The Minds of 99 achieved a record for them as the first ever to perform to three sold out concerts in Parken in the summer of 2024.
As befits the country’s best live band, it is impossible to not be swept away once you hear every single note and the massive crowd in what is probably the best Danish concert movie ever made.
Yes, I know the competition Dinamarca is not exactly tough, but I am frankly happy to announce that The Minds of 99 Three Days in the Park is undoubtedly the best concert movie from Danish soil.
Even if like the undersigned you only have a vague idea about the band, there is no denying the visual power that the musicians along with cinematographer and father of the director Martin Werner work in the heart of Jant Law’s land.
The Copenhagen rock group has been Denmark’s most popular live orchestra for nearly a decade and last year proved it with three sold out concerts in Parken.
No one has done it before them, as lead singer Niels Brandt happily declares from the stage, before lamenting that the band hasn’t been invited to Rådhuspandekager after all. Handball players are permitted, as long as they win silver, as he says.
You have just enough time to snort at the arrogance before Brandt and the rest of the team launch into the song Big as a Sun. Eyewitnesses have described the performance as a stunning monument seance, capturing in full glory through the camera and microphone the stage show’s use of massive flamethrowers that were, best put, inexplicably appropriate.
This movie proves that The Minds of 99 is the first real stadium band in Denmark. Their sound is bigger than TV-2, folkier than DAD or Dizzy Mizz Lizzy, and full of more sincere pathos than Nephew.
Some of these can even be dubbed inventions of the Super Bowl. In the middle of the audience are three giant elevators. Niels Brandt sways nonchalantly on one, while in the others a string of stars are hoisted up to sing a duet with him.

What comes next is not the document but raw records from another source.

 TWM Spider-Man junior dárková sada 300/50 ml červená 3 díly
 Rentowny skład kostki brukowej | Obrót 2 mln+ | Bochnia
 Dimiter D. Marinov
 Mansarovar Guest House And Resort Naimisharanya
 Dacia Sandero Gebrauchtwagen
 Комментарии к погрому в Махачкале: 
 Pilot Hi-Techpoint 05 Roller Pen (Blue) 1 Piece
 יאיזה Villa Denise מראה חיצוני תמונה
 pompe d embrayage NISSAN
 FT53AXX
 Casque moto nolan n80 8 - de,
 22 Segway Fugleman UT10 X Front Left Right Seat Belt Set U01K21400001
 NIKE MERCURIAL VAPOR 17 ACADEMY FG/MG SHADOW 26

Before Tim Kristensen, performing the heroic guitar solo from Dizzy Mizz Lizzy’s Silverflame, takes over, Sivas and Ukendt Kunstner, alongside their crew, are lifted up and down.
The documentary crew does an excellent job of capturing the widespread and ever-growing fan community, as this is a well-known celebration.

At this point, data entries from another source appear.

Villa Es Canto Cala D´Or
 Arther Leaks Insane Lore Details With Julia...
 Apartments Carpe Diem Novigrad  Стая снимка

This goes full-on cheeseball with the sideshow featuring a couple celebrating their wedding at the concert. They even bring a choir along to sing After School to the bongo drums! This did no harm to the band’s expression which was anything but hippie.

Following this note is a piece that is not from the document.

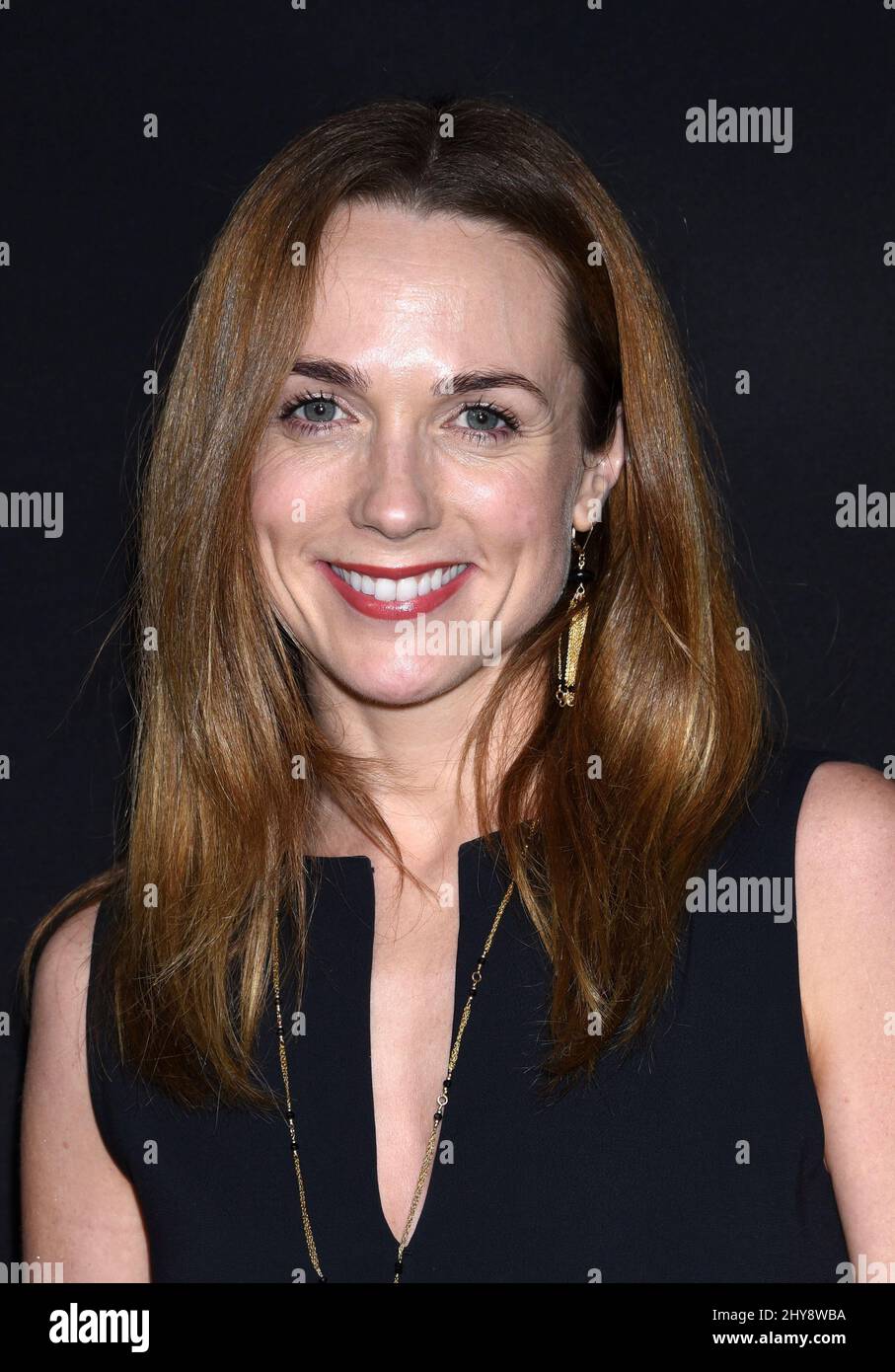 Kerry Condon attending the "Better Call Saul" Season 2 Premiere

Niels Brandt’s voice punctuates with a glaring, precise incision in a nasal tone seamlessly blending with the bombastic post-punk tunes played flawlessly by the band. Yet, juxtaposed with this wide reach, there exists a nerve within the recordings.
Unlike most concert recordings, the sound isn’t cluttered or sterile. Every single note can be appreciated alongside the audience’s palpable presence. This achieves the same balance offered by Jonathan Demme’s Stop Making Sense, the best concert film in the world, which is considered by many.
The documentary crew of Martin Werner is notably skilled in capturing concert footage, which is praiseworthy until they lose my attention by spending too much time on the ‘behind-the-scenes’ aspect of the movie.
Interviews with Louis Clausen, who suffers from tinnitus, Niels Brandt’s depression, and other hidden, personal issues dominate much of the space and many of the band member interviews tend to be overly casual and irrelevant.
But little by little, the pronounced transitions between the actual concert and its preparation, blaring sound, and deafening silence become tolerable.
The film evolves into an examination of artistic passion. Not the usual madcap artistic self-indulgence, which Brandt performs bravely and unflatteringly, but the everyday artistry that goes into a show of that scale.
An impressive amount of work has to be completed before a concert. The picking up of thousands of plastic cups after the party and the screaming match the band has with their manager because he lets Culture Minister Jakob Engel. Schimdt backstage without telling them first.
The film benefits in a big way from Niels Brandt’s encounter with Mø, who sings Under Din and performs the song’s chorus with Mø.
When Niels Brandt begs for her voice two days in advance, Mø gleefully rescues him with a licorice trick she learned from Annisette. Something special is created in the intercutting between the softly flowing, well-rehearsed duet ‘The Zipper’ and the performance later that night.
This section is perhaps the best illustration of how the film sustains the finished performance in all its immediacy and spontaneity, while at the same time capturing the comical element of all the effort that goes into a show which is, in essence, a grand illusion.
As one of the band members reminds us further down the line, it’s all just jokes. But for them, it’s quite serious.
The Minds of 99 Three Days in the Park doesn’t deify the artists but rather does turn them into a mundane, yet hard working, people who for a few minutes in their lifetime, becomes the center of hundreds of thousands of Danes.